Something puzzles me about the Xbox fans who defend that Series S is a perfectly fine machine with 1440p resolution but Series X is better than PS5 as it has the brute force advantage. This whole sentence is perplexing to even entertain and damn contradictory. If Series S with 1/3 of the GPU power of Series X is perfectly fine doing 1440p, then PS5 with 85% of the power of Series X has only negligible power differential. If Series S can do 1440p, then PS5 can do 1800p or higher, which 99% of the people will not be able to tell! So please stop exaggerating the power differential, it's not there.

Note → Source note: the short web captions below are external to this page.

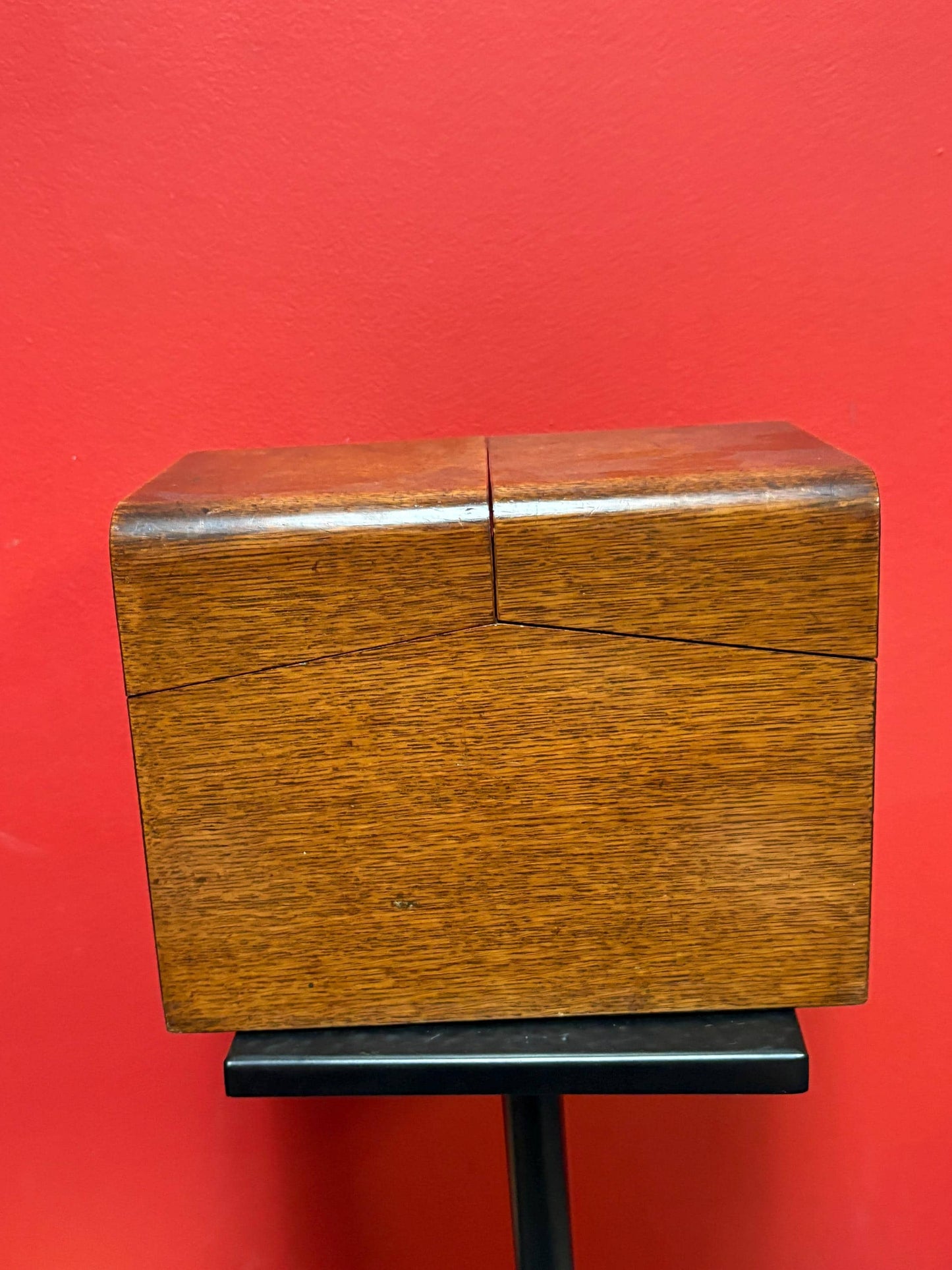 Beautiful antique walnut box  9 1/2 x 6 x 7“ high  letter box  nice condition  many uses  great gift -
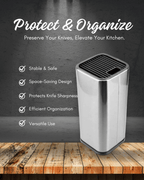 Stainless Steel Knife Storage Block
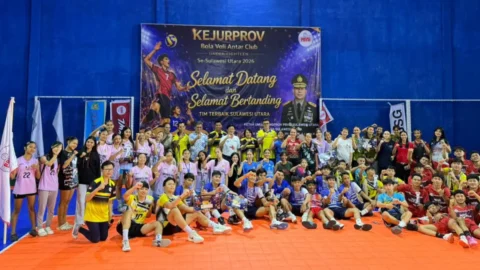 Menilik Keseruan dan Semangat Juara di Kejurprov Voli U18 Sulut, Simak Pemenangnya!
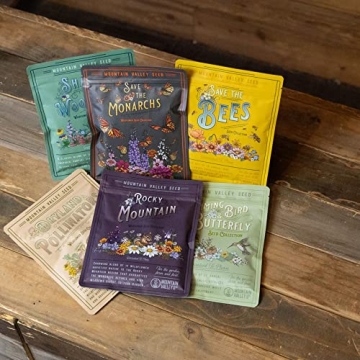 Wildflower Seeds Collection - 500,000+ Bulk Seeds for Pollinators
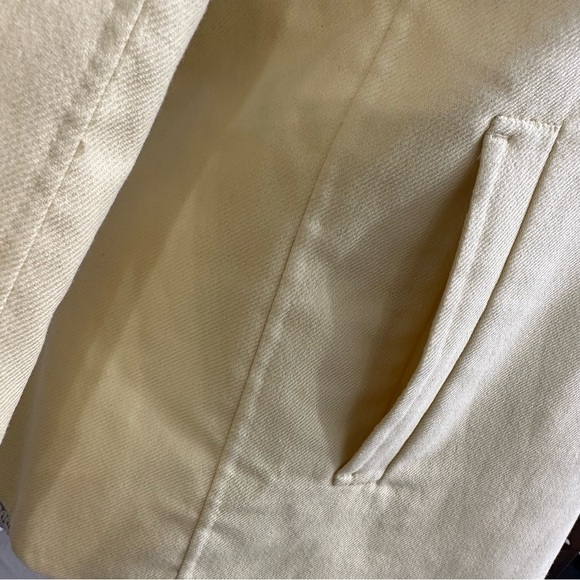Eileen Fisher Double Breasted Jacket With Pockets Light Yellow Size PS NWT - Picture 5 of 8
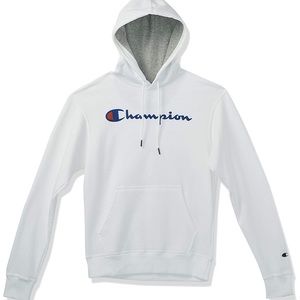 Champion white sweatshirt unisex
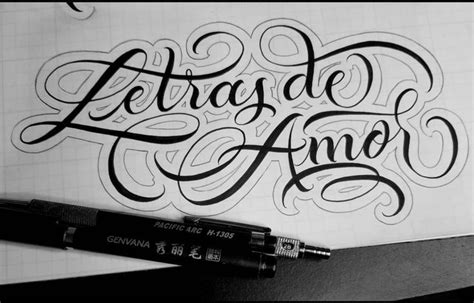 Letras De Amor Letters Of Love Custom Script Lettering Drawing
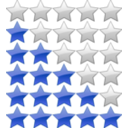 download 5 Star Rating System clipart image with 180 hue color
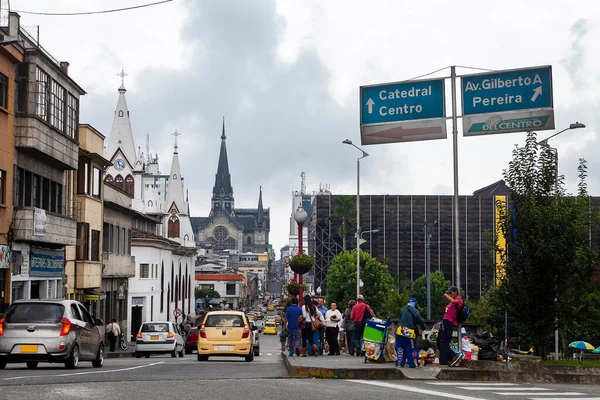 Manizales Caldas Colombie Juin 2013 Carrera Une Des Rues Les — Photo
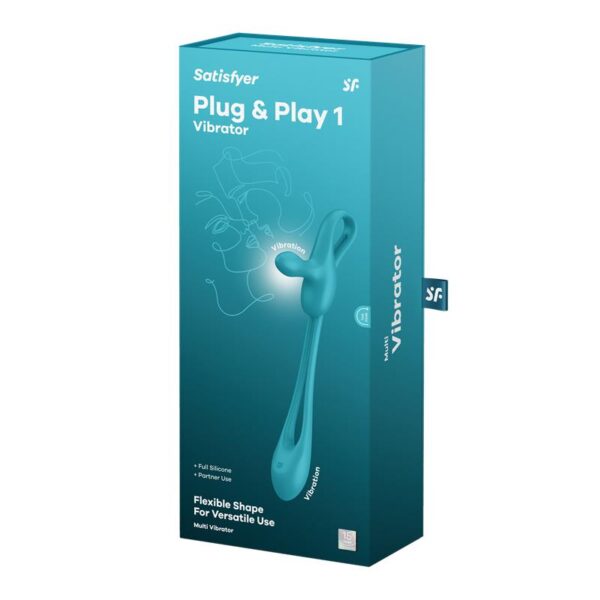 Plug & Play 1 Vibrador Anal Flexible Azul - Imagen 8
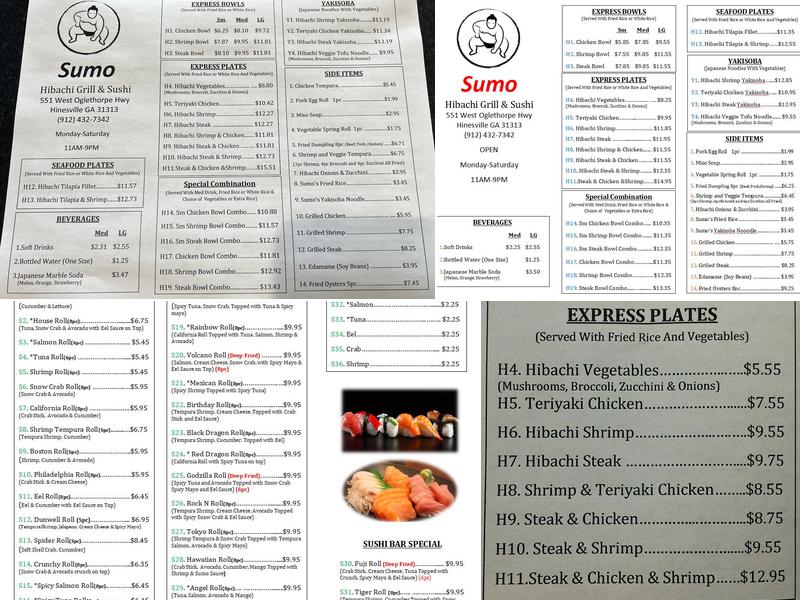 SUMO Menu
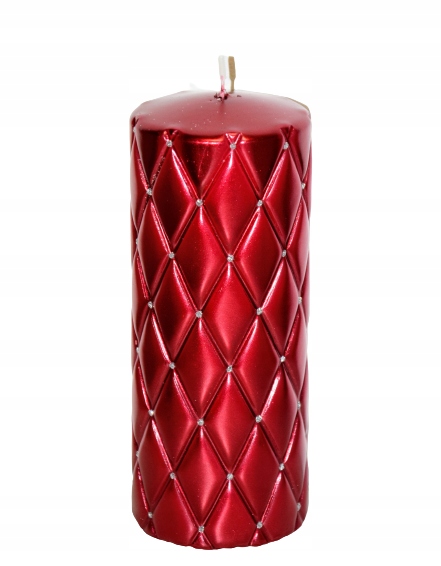 

Świeca Florencja Pikowana Bordowa H18cm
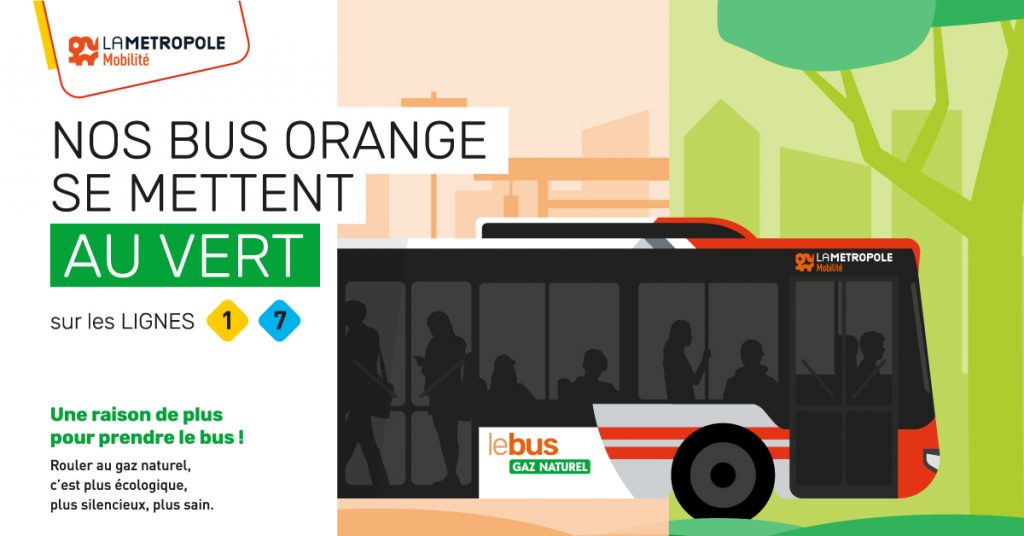 Nos bus orange se mettent au vert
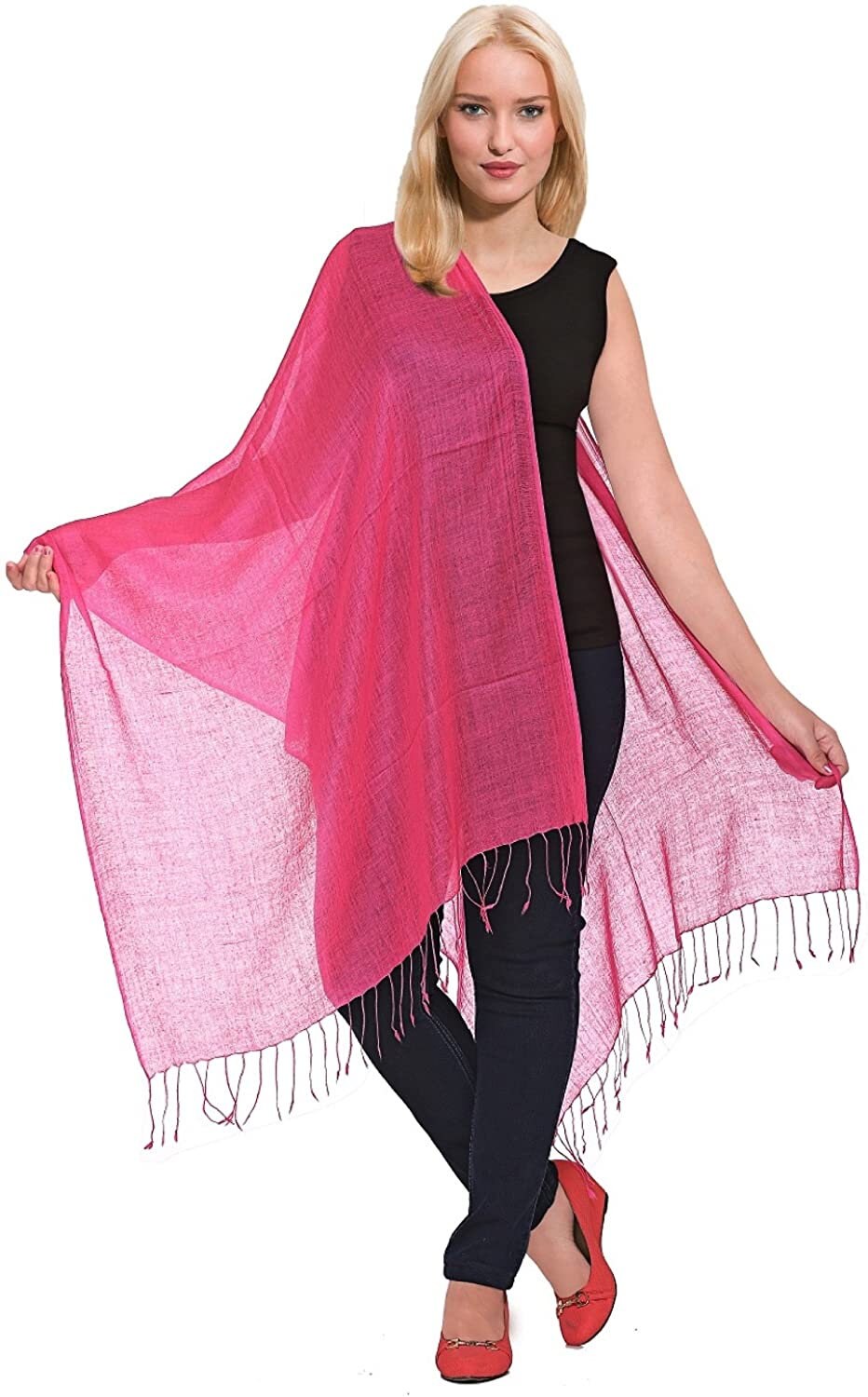 Luxurious Wool Silk Pashmina Shawl Wrap Scarf Elegant and Exclusive Remarkably Soft, Warm & Very Lightweight Fashionable  Stylish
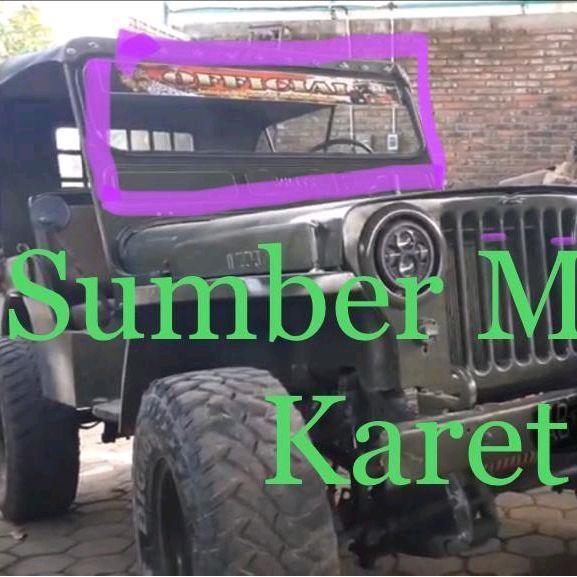 Karet Kaca Depan Kaca Muka Willys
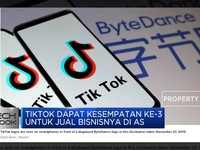 Tiktok Dapat Kesempatan ke-3 untuk Jual Bisnisnya di AS
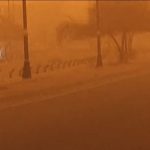 آسمان عراق عجیب شد / این پدیده به ایران می‌آید؟ + فیلم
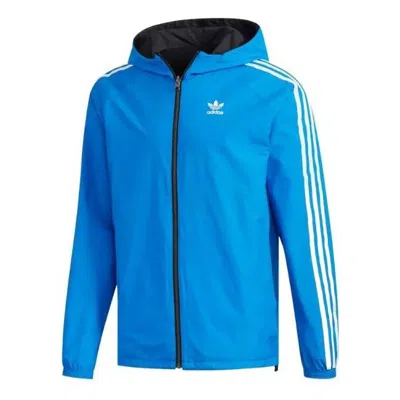 ADIDAS ORIGINALS adidas originals Reversible Windbreaker Jacket 'Blue Bird Black'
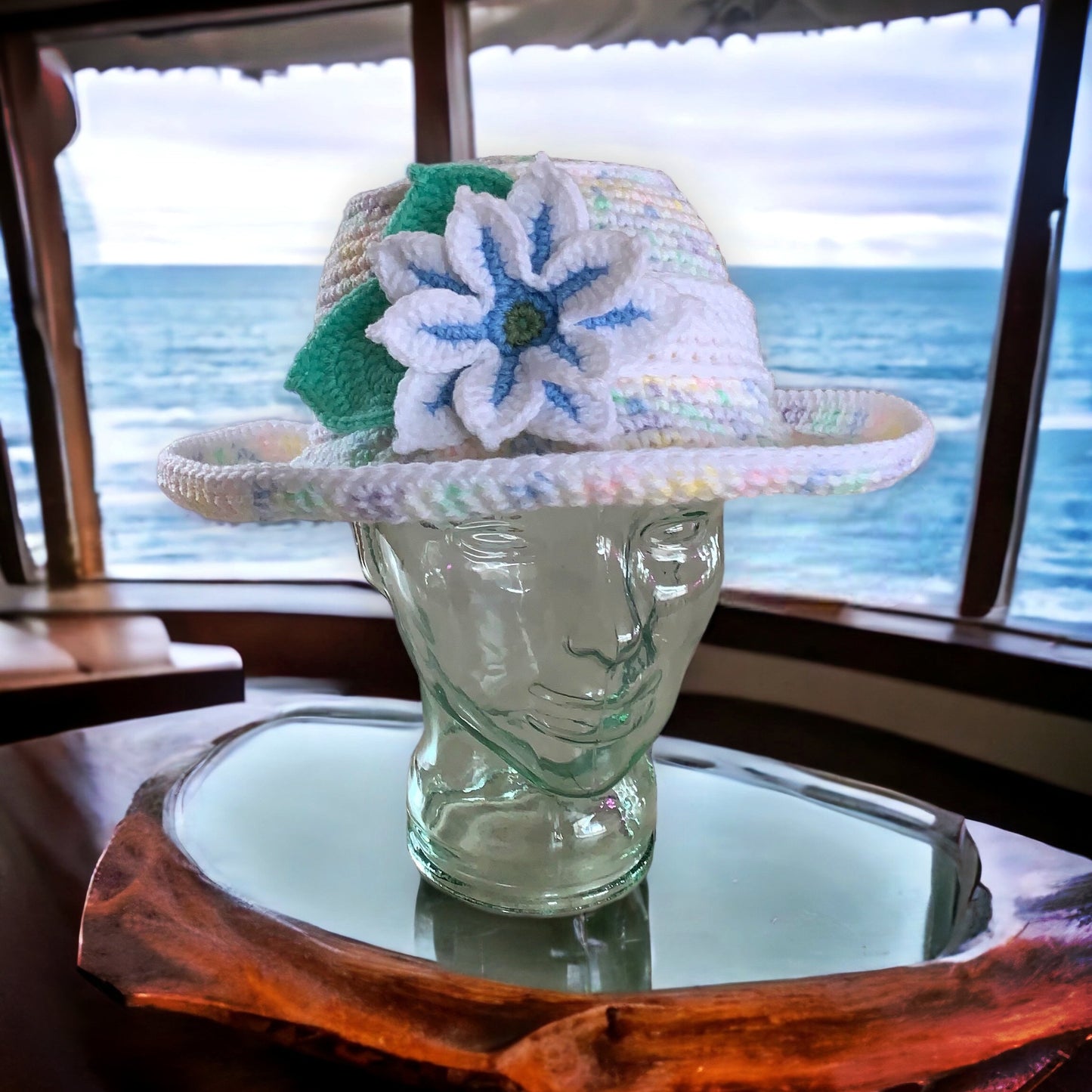 Crochet Pattern - 3 Hats in 1 - How to Crochet a Sun Hat with Flower - Easy Bucket Hat - Cowboy Cowgirl Hat - PRINTABLE - English Only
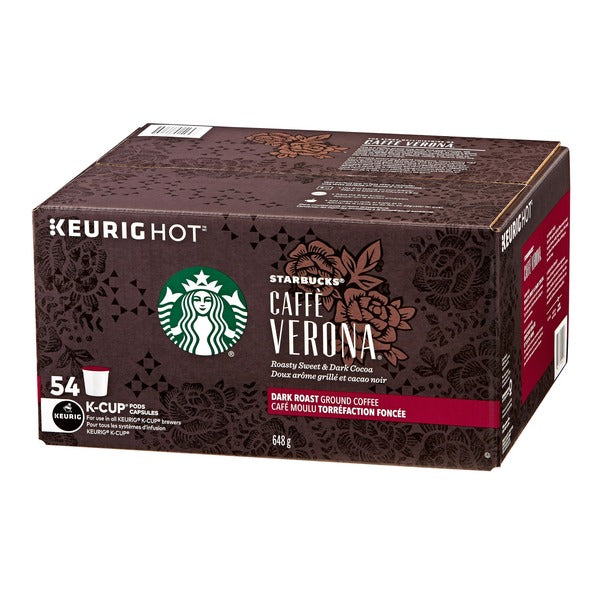 Starbucks Caffe Verona Coffee K-Cup Pods 54 ct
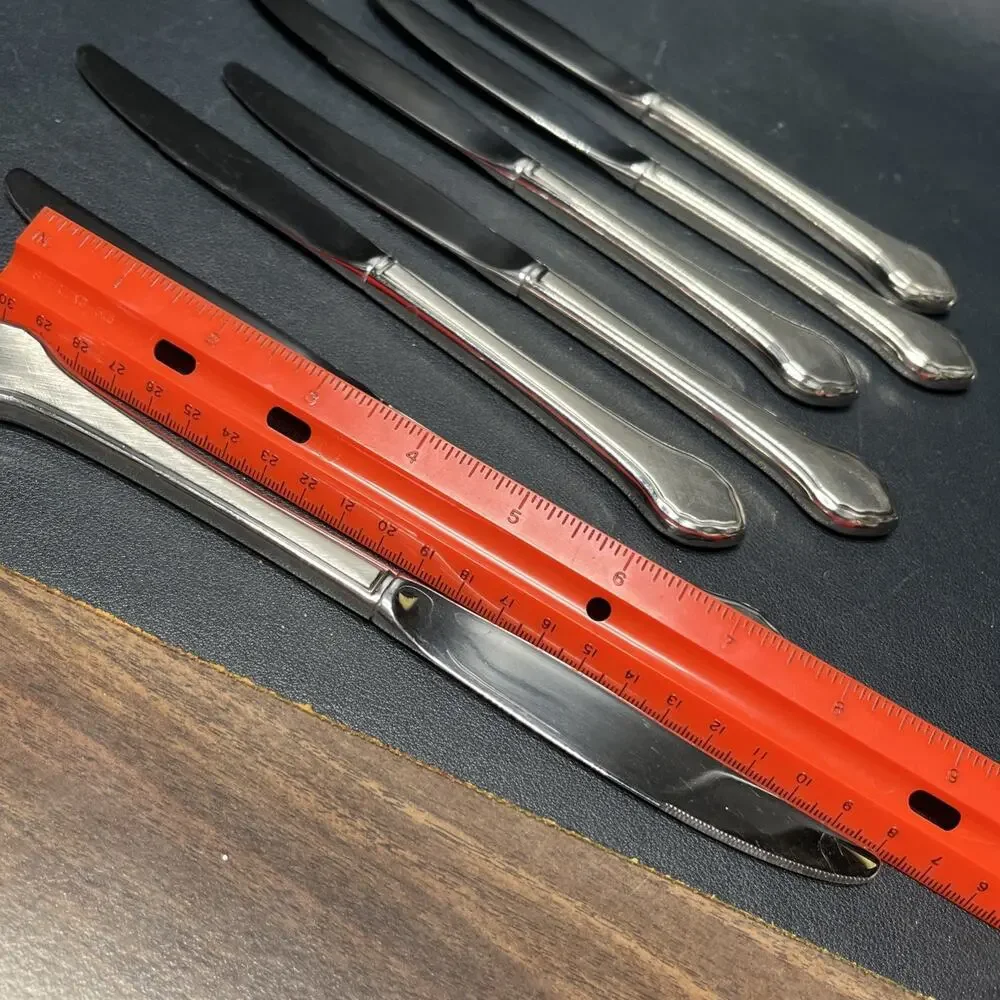 Oneida SUMMER MIST Wm A Rogers AUTUMN GLOW Deluxe Stainless 9” Dinner Knives. K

However, for $100 more money, the power gap between Series S and Playstation 5 is HUGE, not only the GPU gap (2.5x times), but also larger and much faster SSD, with practically the same fidelity as the Series X is a no brainer. With Playstation digital, you basically get the Series X power but with Playstation exclusives.


Series S is only good for those who could not care about the resolution at all (for young kids who wouldn't know better, as a gift where price is priority, or if you do not have or plan to have a TV better than 1080p). Other than that,  Xbox Series S is a deal breaker (compared to Playstation 5) although in a vacuum, it's a perfectly fine console (and what consoles should be, small, sleek, efficient, and humble).

Just to correct something...

1800p (3200 x 1800): Is actually a 30% difference pixel count.

The PS5, with its 17% power difference would more likely in the worst-case scenarios see dips from 3456 x 1944 (19% difference) to 3548 x 2016 (12% difference). Those are also all true 16:9 resolutions (divisible by 8) so easier to scale. And this is all deterministic, resolution scaling is a direct by-product of shader proficiency. Because that exactly what the shaders do, color pixels.

This doesn't mean in any way through that the PS5 will be running games at any one of those listed resolutions constantly though. Is kinda like this instead; XSX@4K30fps is actually running internally at something like 4K45fps most of the time but outputting a steady 30fps. That FPS buffer of 15fps is what keeps frame rates from dropping below 30fpswhen things get busy.

The PS5 thus has some leeway. So the PS5 would be internally running the same game at like 4K35fps most of the time, but those times when things get busy, the XSX will hold its native 4K rez and maintain its 30fps, while or the PS to maintain ts 30fps it would've to drop the native rez down to like 2016p.

These however are all things that would be impossible to notice.

I said 1800p or HIGHER, which could easily be 2160 p (true 4K) as well in less demanding titles or the same resolution with a bit fewer frame rates or identical resolution and frame rates with a notch down on graphical settings or in some cases no difference at all. What will happen in most titles, in my opinion though, most developers will target 60 fps with dynamic resolution. So we will get 60 fps on all consoles regardless (with basically the same much better CPU) but the resolution will scale dynamically. For Series S, it will jump between 1080p and 1440p, while for PS5 and Series X, it will jump between 1440p and 2160p, and usually between 1800p and 2160p. I'd say, Series X will be closer to 4K overall, but the 17% arithmetic difference is only perceived as a 8-9% difference (in both axes) and any difference less than 10% is usually unnoticed by the brain, or at least not cared about.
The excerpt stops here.